◆ **Work task**: The entries are to be output once more, word for word.

*** Data excerpts ***

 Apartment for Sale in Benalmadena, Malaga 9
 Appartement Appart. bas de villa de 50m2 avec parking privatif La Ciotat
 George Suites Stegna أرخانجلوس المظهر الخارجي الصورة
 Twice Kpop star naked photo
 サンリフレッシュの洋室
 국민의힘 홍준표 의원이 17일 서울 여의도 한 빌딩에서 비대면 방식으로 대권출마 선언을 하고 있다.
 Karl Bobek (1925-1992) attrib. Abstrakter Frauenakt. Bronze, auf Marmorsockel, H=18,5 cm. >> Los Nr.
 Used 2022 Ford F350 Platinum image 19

*** End of Data excerpts ***

◆ **Problem solution**:
 Apartment for Sale in Benalmadena, Malaga 9
 Appartement Appart. bas de villa de 50m2 avec parking privatif La Ciotat
 George Suites Stegna أرخانجلوس المظهر الخارجي الصورة
 Twice Kpop star naked photo
 サンリフレッシュの洋室
 국민의힘 홍준표 의원이 17일 서울 여의도 한 빌딩에서 비대면 방식으로 대권출마 선언을 하고 있다.
 Karl Bobek (1925-1992) attrib. Abstrakter Frauenakt. Bronze, auf Marmorsockel, H=18,5 cm. >> Los Nr.
 Used 2022 Ford F350 Platinum image 19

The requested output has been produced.